The film is by and large brisk and periodically thrilling, but it's also thick with incidents that are just hastily elucidated, sans the key storyline that might have offered a lucid point of view. Not even Savage surfaces as hub for our concern, though the film's structure seems to imply that he's intended to be. Regardless, John Savage's everyman LAPD plainclothesman is intensely, horrifically felt. His self-reproach about the incident brings about nightmares, impotence, sudden reduction in his body mass, shrinking by a full inch, kleptomania and a penchant toward suicide. When the film begins to speed headlong into its convoluted proceedings, the performances take on a strong naturalism that negates how things start out.

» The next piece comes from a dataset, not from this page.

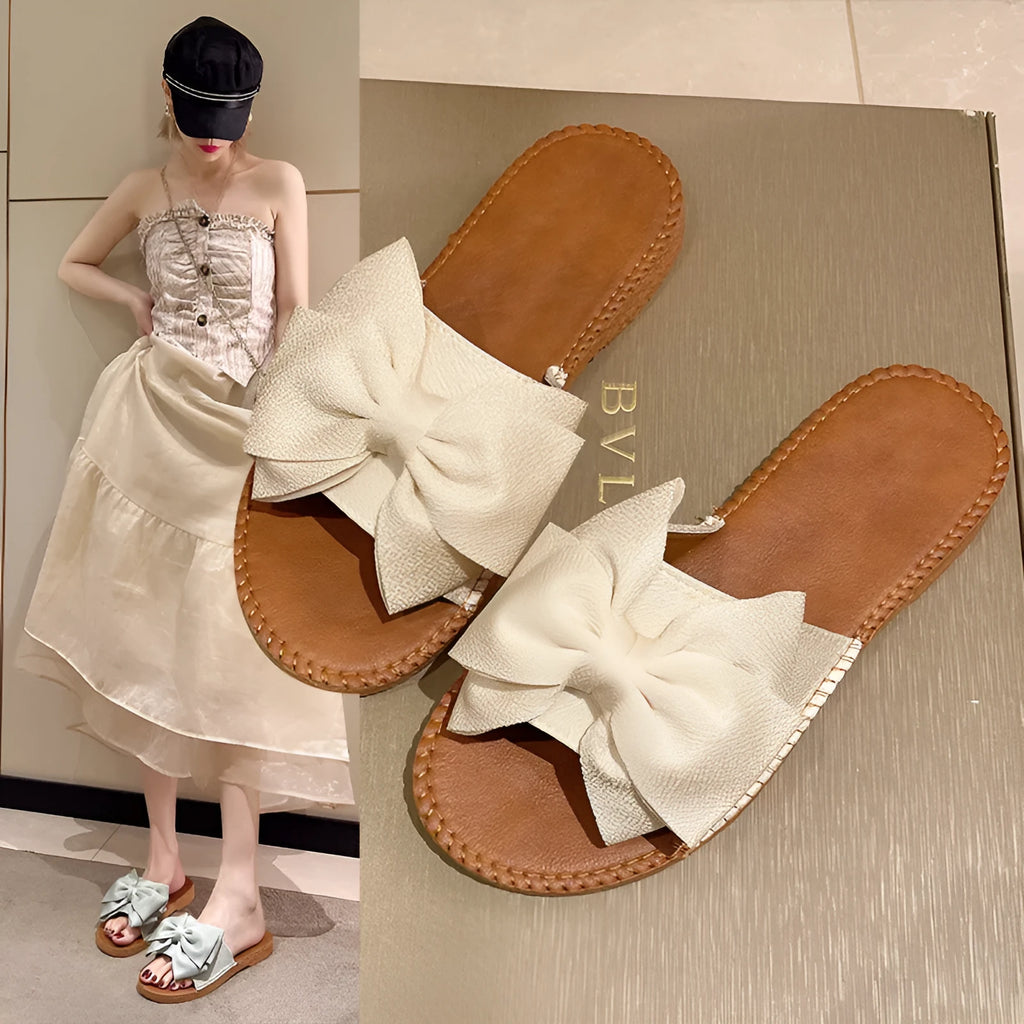 Women's beige slip-on sandals with a bow detail, suede cloth upper, and soft rubber flat sole.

For the first 45 minutes, each actor seems somewhat creatively stifled. Despite the presence of a given performer, they all give deliveries that feel like the screws were tightened in the read-through stages. Surprisingly, Ted Danson, in his feature film debut, seems the most natural. Still, perhaps because the hues of lockstep theatricality by the cast during the exposition are so bright, I, knowing hardly anything about the plot coming in, could predict who would be murdered. Maybe that's not a flaw on the part of the film, but I'd like a film with a vision that allows me to be sure of where I stand in terms of what its story reveals.

Nevertheless, Seales and particularly James Woods, who is always interesting anyway, grow less overstated and more chillingly credible. Woods has some excellent exchanges with Ronny Cox, who gives another of his exceptional performances as the detective in command of interrogating the two. Woods as the sociopathic Powell, charismatic, controlling, and mainly the driver packing heat, creates a flakiness in the character that gives off the threat of a bright spark near a swimming pool.